Goal of the exercise
An exact transcript is required of the lines below, from the one containing "Nina Pacari Ecuadorian politician and judge" through the very last; leave every picture out of it.

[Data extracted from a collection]
===============

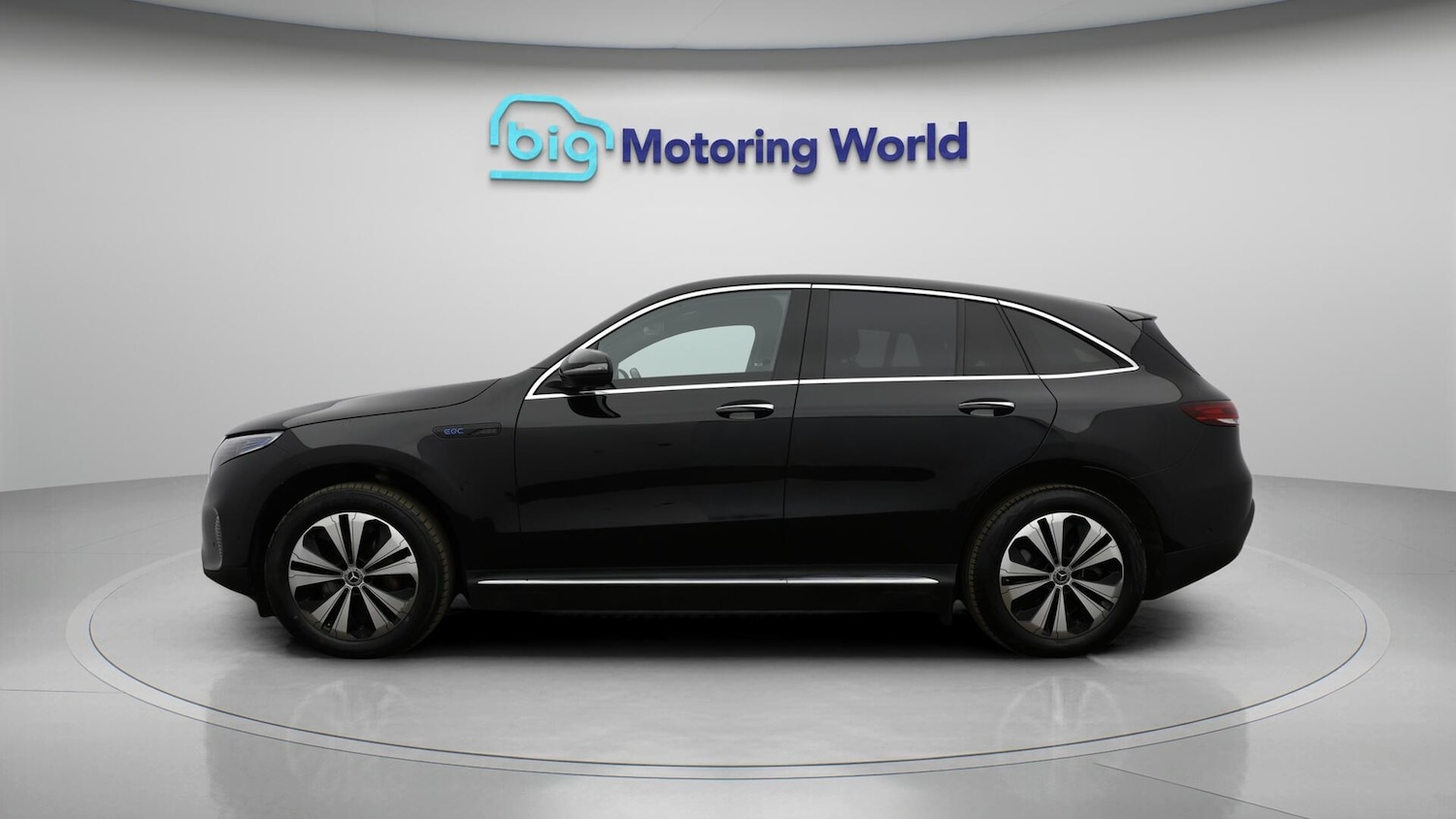Used Mercedes-Benz EQC 2022 for sale - 76371748: Photo 5
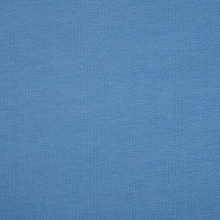Футер 2-х ниточный петельный с лайкрой пенье  (33, св.голубой)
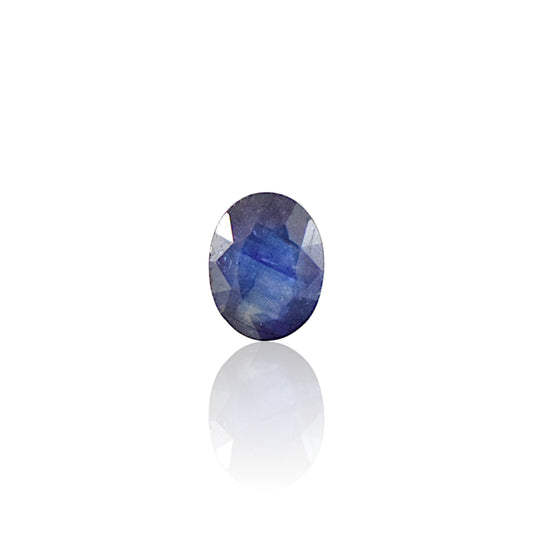 Blue Sapphire - 7.23 Carat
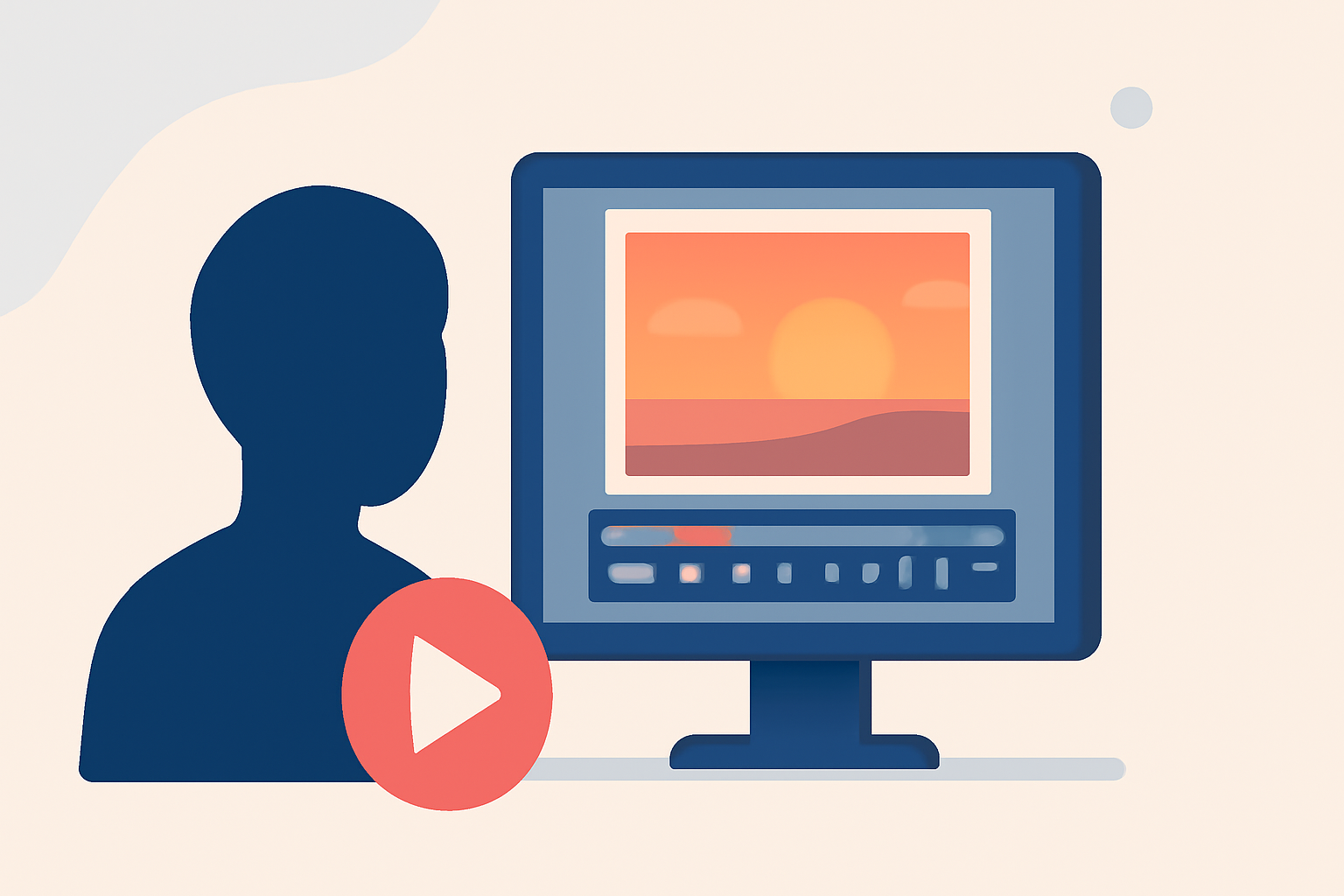 Avoiding Common Editing Mistakes in Sunset Window Videos for YouTube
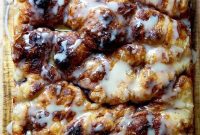 Effortless Cinnamon Sugar Focaccia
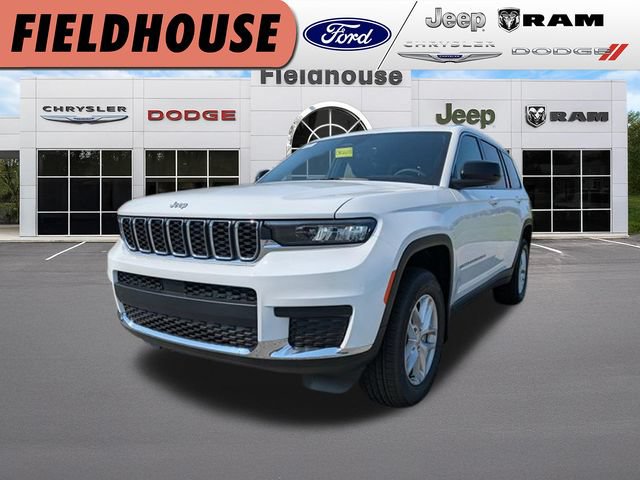 New 2026 Jeep Grand Cherokee L 4WD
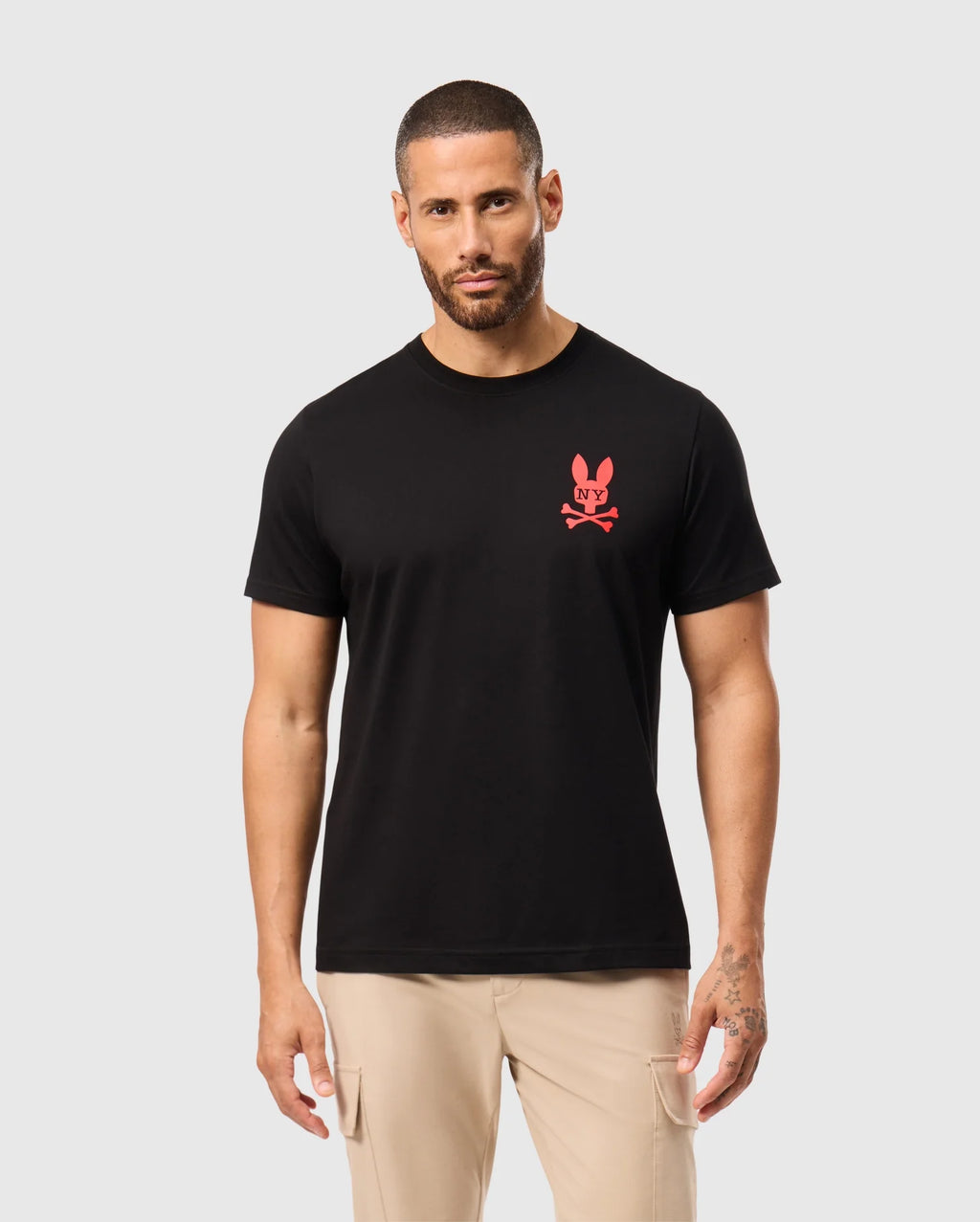 Premium MENS NEW YORK TEE - B6U554W1PC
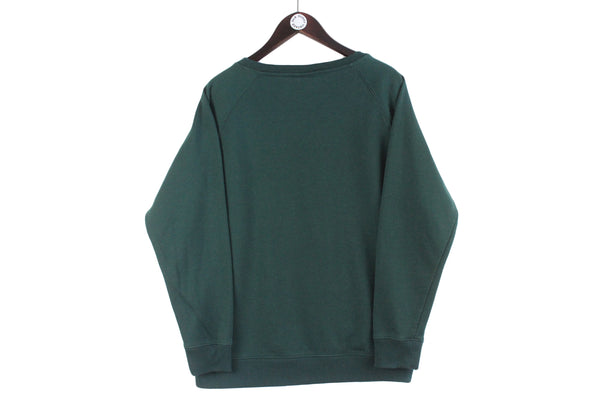 Vintage Guinness Sweatshirt Women’s Large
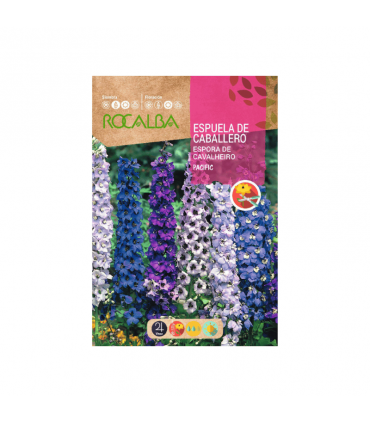 ROCALBA SEMILLA ESPUELA DEL CABALLERO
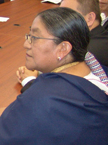 Nina Pacari Ecuadorian politician and judge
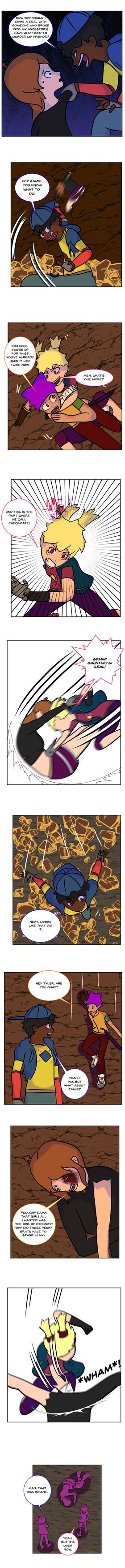 Read Azure Wolfheart  173 Page 2 in English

===============

Response to this task
 Nina Pacari Ecuadorian politician and judge
 Read Azure Wolfheart  173 Page 2 in English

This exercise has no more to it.